Por jDome se conoce a un sistema de proyección interpersonal que sumerge al jugador en la pantalla, y por consecuente en el juego. Para que nos entendamos, es como trasladar un IMAX a nuestros hogares, evidentemente salvando todas las distancias. El invento nace de la voluntad de querer proyectar en una especie de tienda de campaña semicircular la visibilidad propia del ojo (180º).

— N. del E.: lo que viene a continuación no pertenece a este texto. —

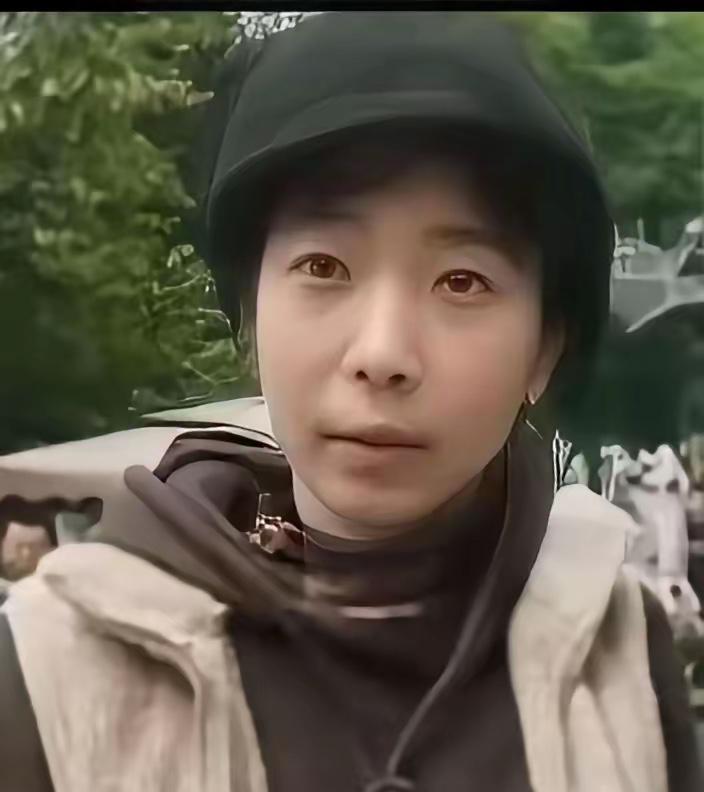 看这女人的面相，有小日子的血统？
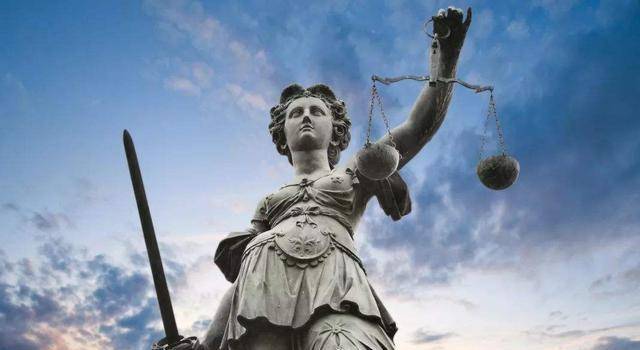 从统治宝典到法律精神体系,时代发展下,罗马法的演绎变化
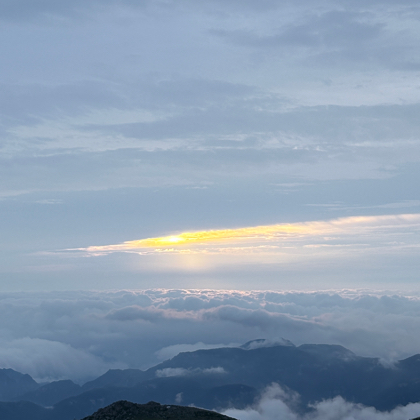 北京东灵山观云海日出 群聊头像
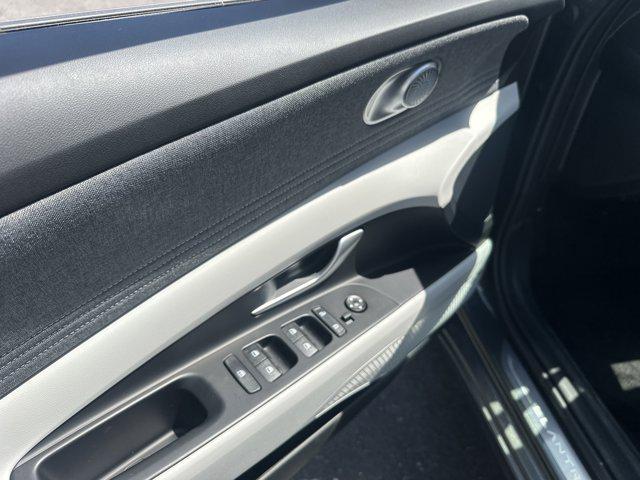 new 2025 Hyundai Elantra car, priced at $28,220
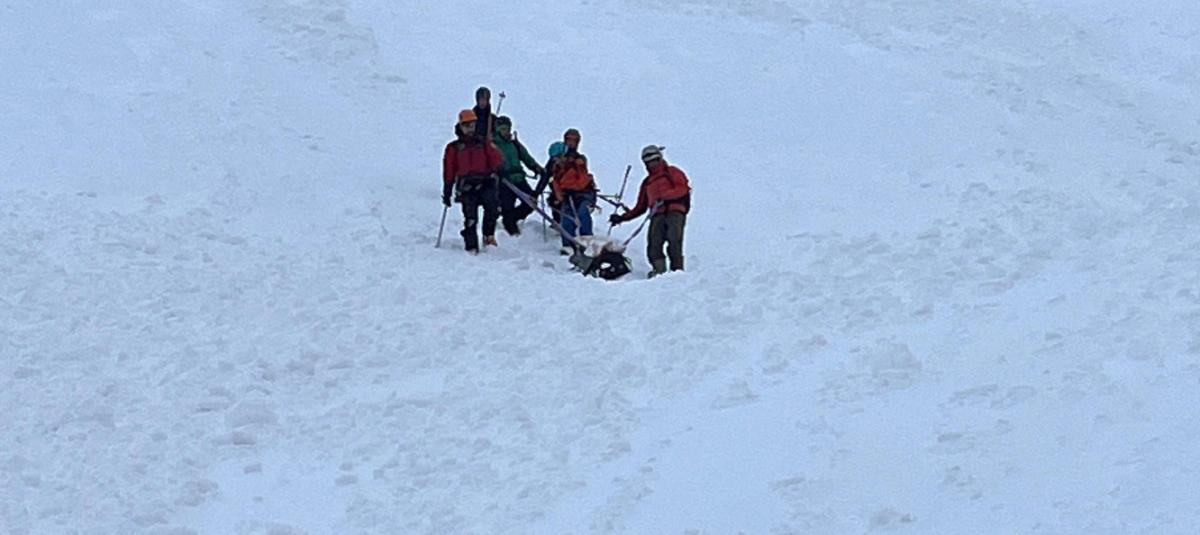 Un hombre pasó toda la noche enterrado bajo la nieve tras una avalancha ...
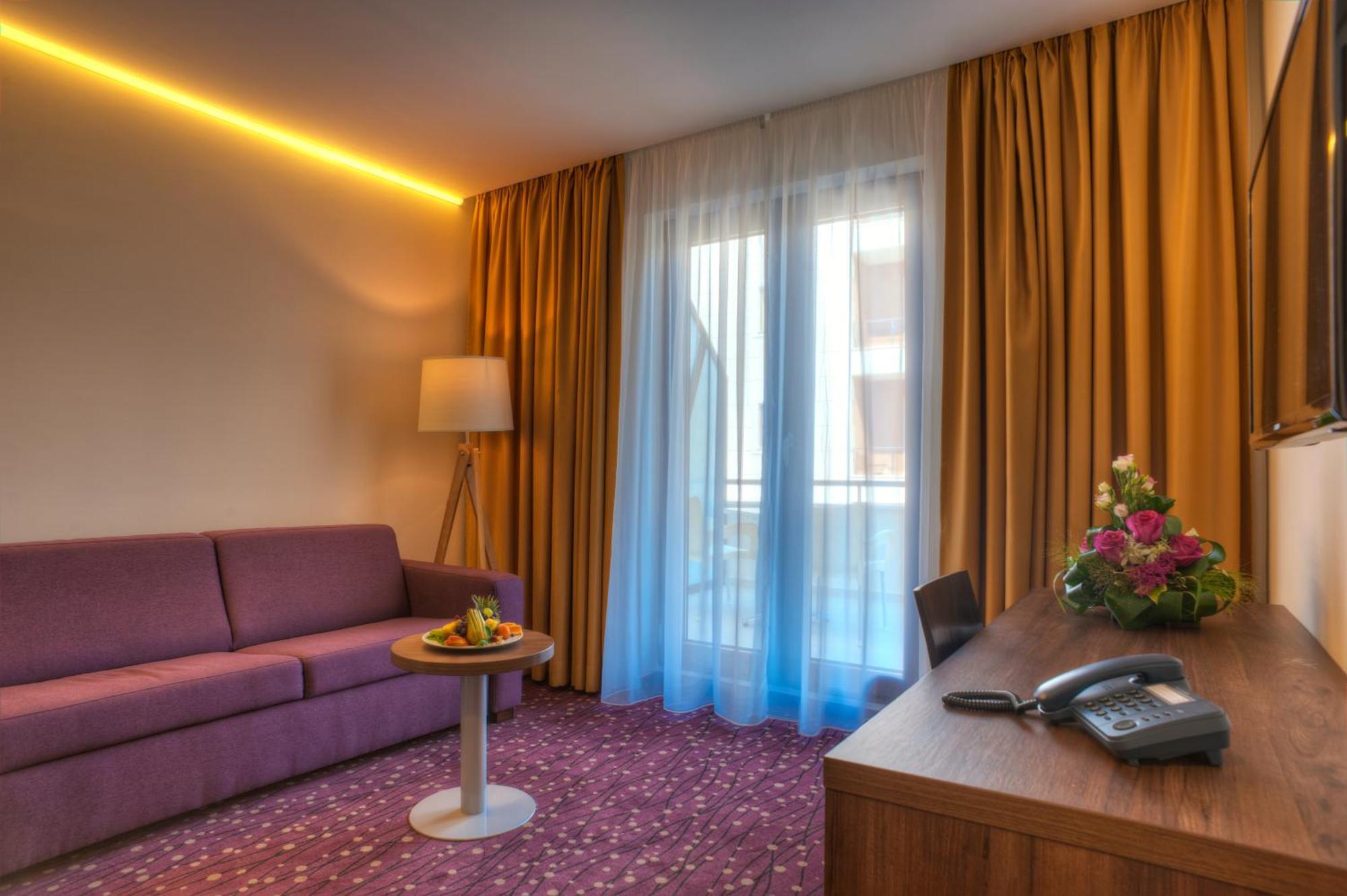 Hotel Pine Tivat Exterior foto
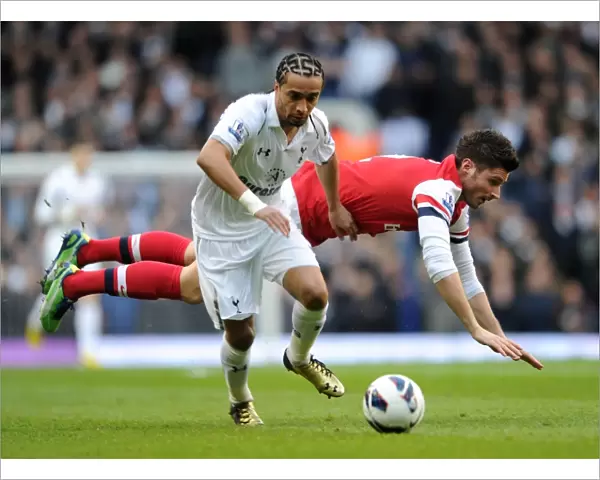 Olivier Giroud (Arsenal) Benoit Assou-Ekotto (Tottenham). Tottenham Hotspur 2: 1 Arsenal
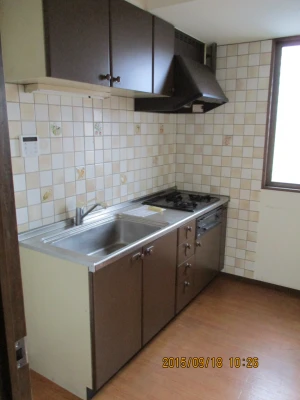 リフォーム前：壁付け据え置き型キッチン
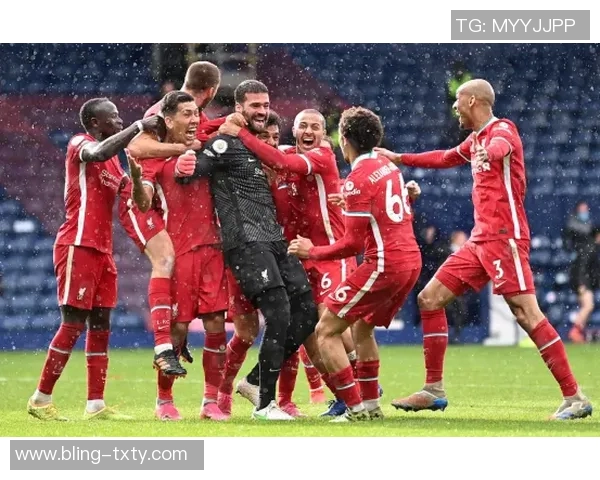 阿利松与戈麦斯意外相撞队医紧急救助后比赛得以继续进行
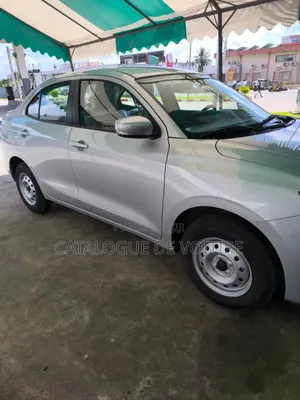 Suzuki Dzire 2025 Argenté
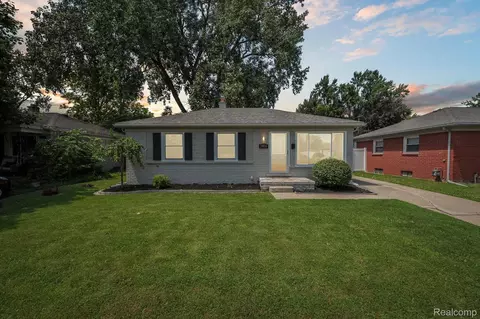 29934 Tamarack Dr, Flat Rock, MI 48134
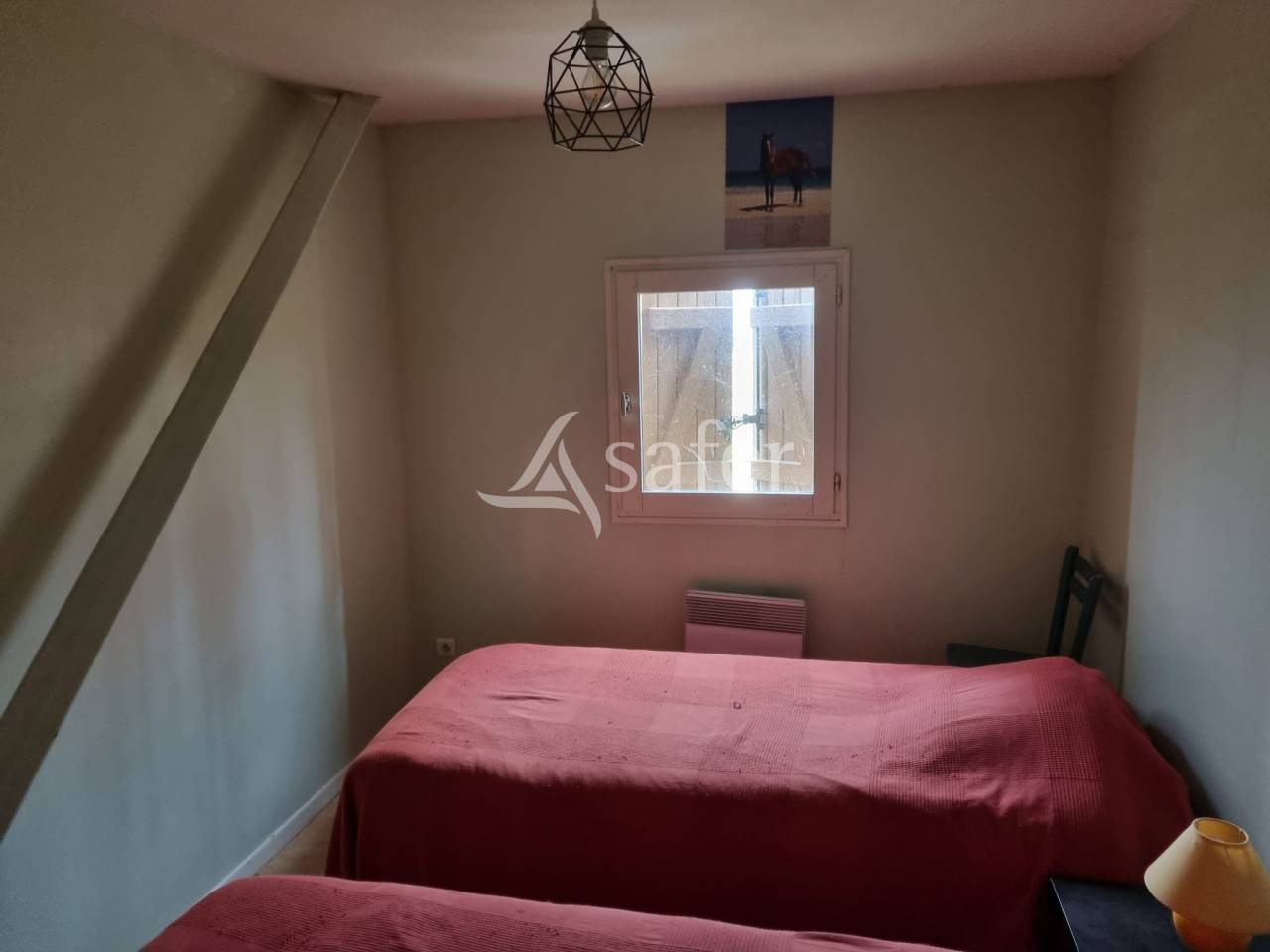 Propri&eacute;t&eacute; &eacute;questre avec habitation sur 12 hectares - Proche T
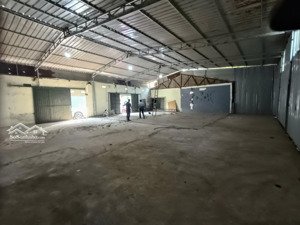 cho thuê kho mặt đường phúc diễn, nam từ liêm, dt 300m2, điện 3fa, xe 15t vào, 23tr/th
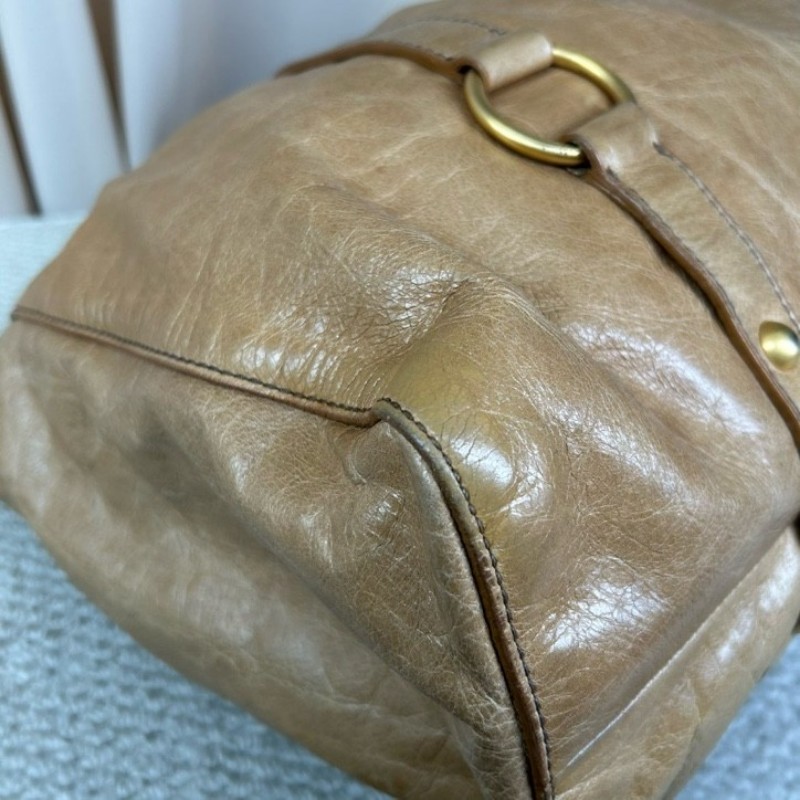 繆繆MiuMiu卡其色油蠟皮垃圾袋機車包 有肩帶 可單肩可斜挎可手提 油蠟皮質地 金屬圓環裝飾 上身就是鬆鬆垮垮垃圾袋感 容量大 日常通勤百搭實用-12
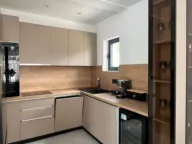 Izdavanje, kuća, 400m², Tivat, Crna Gora - image 4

La sensación de inmersión parece lograda a tenor de las imágenes del cutre (todo sea dicho) vídeo de arriba. No obstante, y sin haberlo probado, se intuyen ciertos contras. Por un lado están esos pliegues que ensucian un tanto la imagen. Por otro lado, el artilugio fomenta el onanismo gamer, ahí no caben tus amigos, a no ser que juegues con amigas. El otro inconveniente que le veo, es la desaceleración ocular que presagia. Si en mi televisor de a pie cada día que pasa gano números para el glaucoma, no me quiero ni imaginar en la tienda esta. Otro gran handicap es que está pensando para jugar de pie, grave error si realmente va dirigido a un target hardcore (¿a quien si no iba a interesarles el prototipo este?). Pero es de suponer que adaptarlo para poder jugar sentados no será muy complicado.
Y quizás lo que más tire hacia atrás a potenciales compradores es su elevado precio. A los 130 € aproximadamente que cuesta el jDome, hay que sumarle el precio del proyector, y los gastos médicos. Con lo que queda.
jDome: 130 € para ser hombres burbujas + de 200 € a 1200 € por el proyector + cirugía refractiva corneal 2000 € = 2930€
Entonces qué, nos lo compramos, ¿no?